First, when humans do something intelligently, we know what we are doing under some description. If you are intelligently making an omelet or writing an email, you know that you are making an omelet or writing an email.Footnote 32 Second, when we act intelligently, we take appropriate means to our ends. That is, an agent acting intelligently needs to know not only what she’s doing (under some description) but also how to do it. Suppose you are making an omelet, and you decide to use nine-volt batteries instead of eggs, or you heat the frying pan only after you’ve removed the eggs from the pan. Such actions lack intelligence because these are not effective ways to bring about the goal of having an omelet. Likewise, in ordinary (not desperate) circumstances it is foolish to sell your wedding ring in order to buy eggs for an omelet. Even if selling your wedding ring is an effective means to your goal, its clearly not an intelligent—i.e., contextually appropriateway to go about achieving that goal.

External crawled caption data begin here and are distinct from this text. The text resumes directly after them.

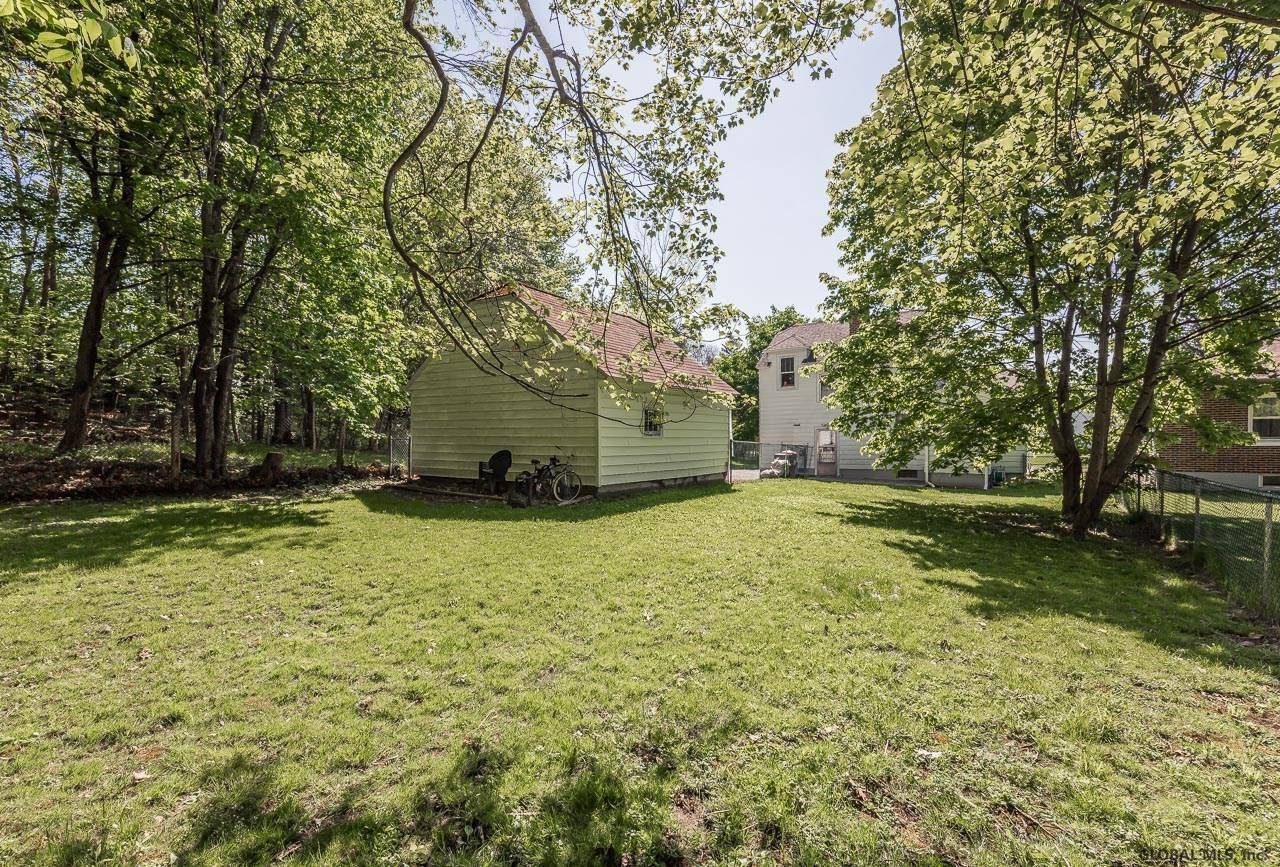 Amsterdam, NY 12010,126 HENRIETTA Boulevard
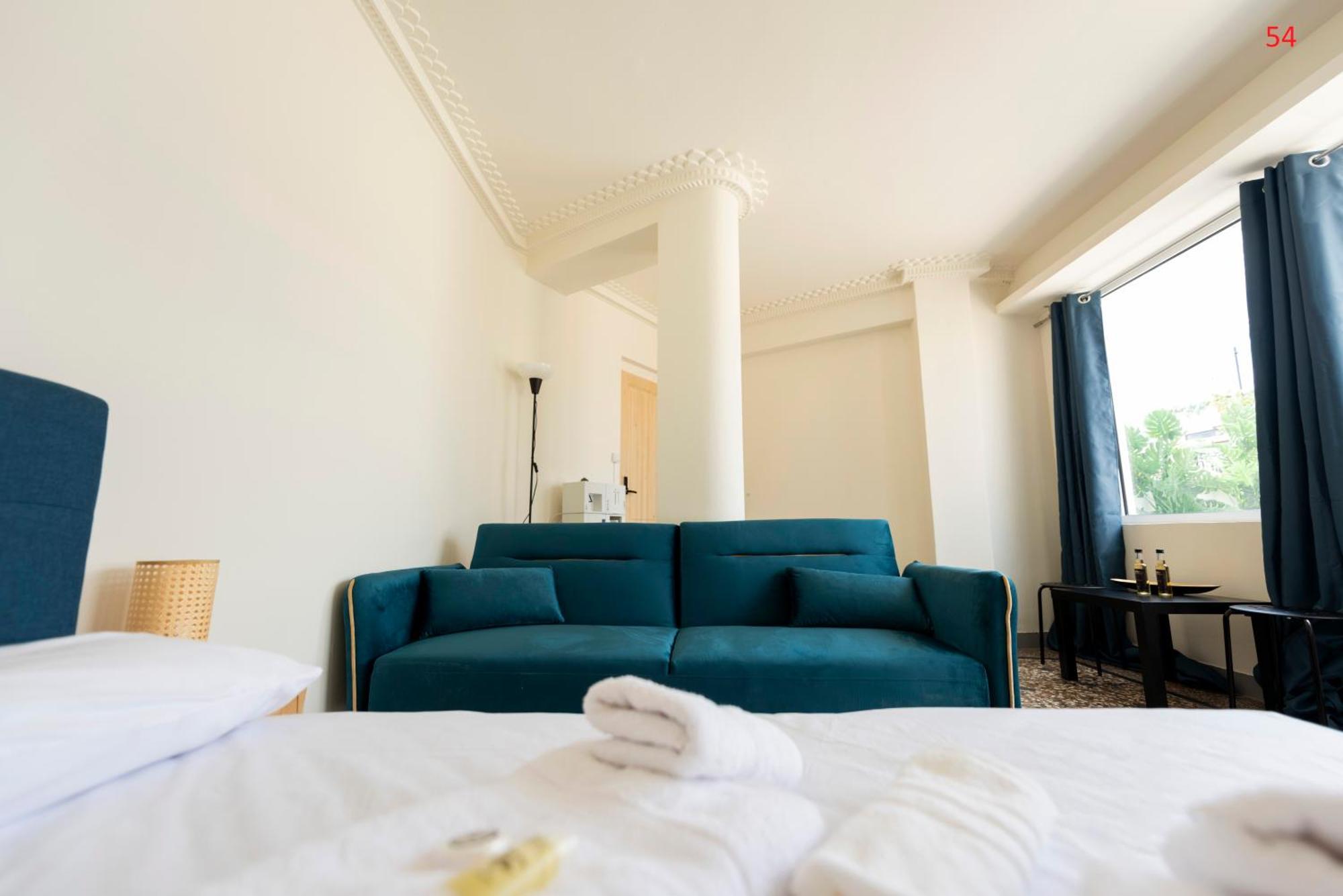 Athens Commercial Экстерьер фото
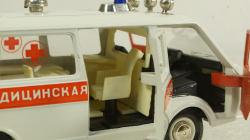 Раф-2203, медицинская, светло-серая, сентябрь 89г., Тантал/Радон 1:43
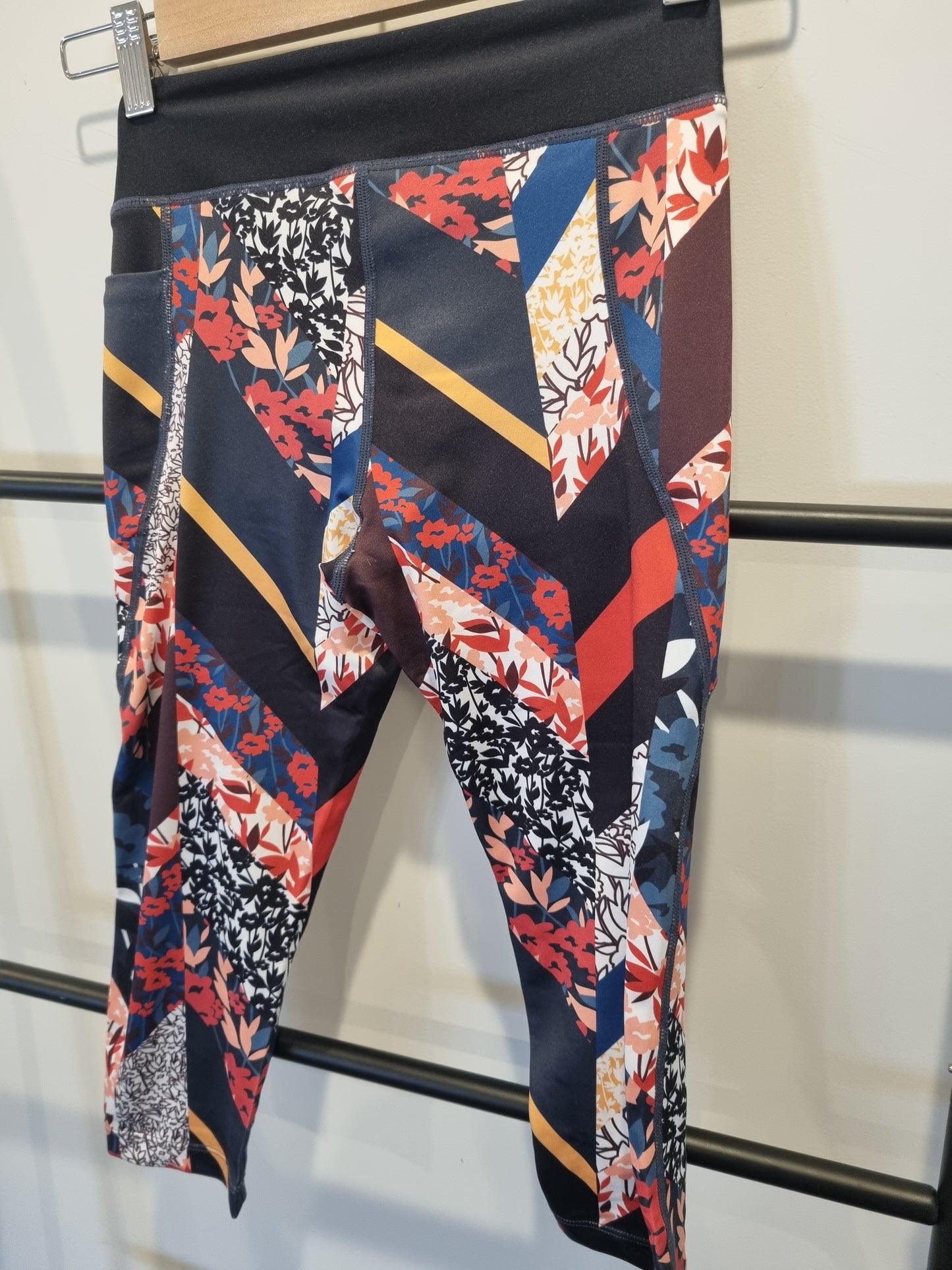 LavaTribe Leggings - Youth 10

In commonsense intelligent action, humans are sensitive to means that are both effective and minimally appropriate to the situation. This basic point is pretty obvious—so much so that humans, when they deliberate practically, typically ignore a vast range of causally effective but contextually inappropriate means to their ends. A closely related point about practical deliberation about means and ends is this. Humans intelligently pursue not only a broad range of narrowly-defined tasks, whose conditions of success are precisely known to the agent at the outset. Humans also intelligently pursue many tasks that are themselves broadly-defined, in the sense that what counts as “success” in the task is not precisely or concretely known at the beginning, but must be clarified over time. An example of a narrowly-defined task might be: “locking the door.” Examples of broadly-defined intelligent activities might include: “hosting a good party,” “having a meaningful conversation”, “writing an excellent paper”, “being a good father,” or, perhaps most broadly, “living a worthwhile human life.” Showing practical intelligence in these latter cases involves more than taking effective means to some precisely-defined objective (or success condition) that is known to the agent beforehand. In the case of broadly-defined activities, like “hosting a good party” or “living a good human life,” we exhibit intelligence in the way that we specify, or make concrete, what counts as appropriately realizing the goal. We might still say that doing this well amounts to taking the appropriate “means” to our “end,” but the nature of the means-ends relationship is different. The means partly constitute the end, rather than operating as steps on the way to a distinct and separately known end. Hence, practical deliberation in these cases involves involves specifying, clarifying, what would fittingly realize or constitute the end itself.Footnote 33

Third, when humans act intelligently, we know (and can say) something about how things are going – i.e., how well or poorly our performance is proceeding, how close we are to reaching our goal, accomplishing our task, or completing the performance (or some part of it). Again, there are obvious limits to this ability. In challenging and temporally-extended activities, we may be unsure of whether things are going well or poorly. But having some at least tacit awareness of how our activity is unfolding is an essential feature of ordinary intelligent human performance. This is because intelligent human performance is, at least to some extent, within the agent’s control. And if you have absolutely no awareness of how things are going with your own action (i.e., if you cannot even “monitor” your performance as it is unfolding), then you cannot really be in control of your own activity—cannot really be an intelligent agent.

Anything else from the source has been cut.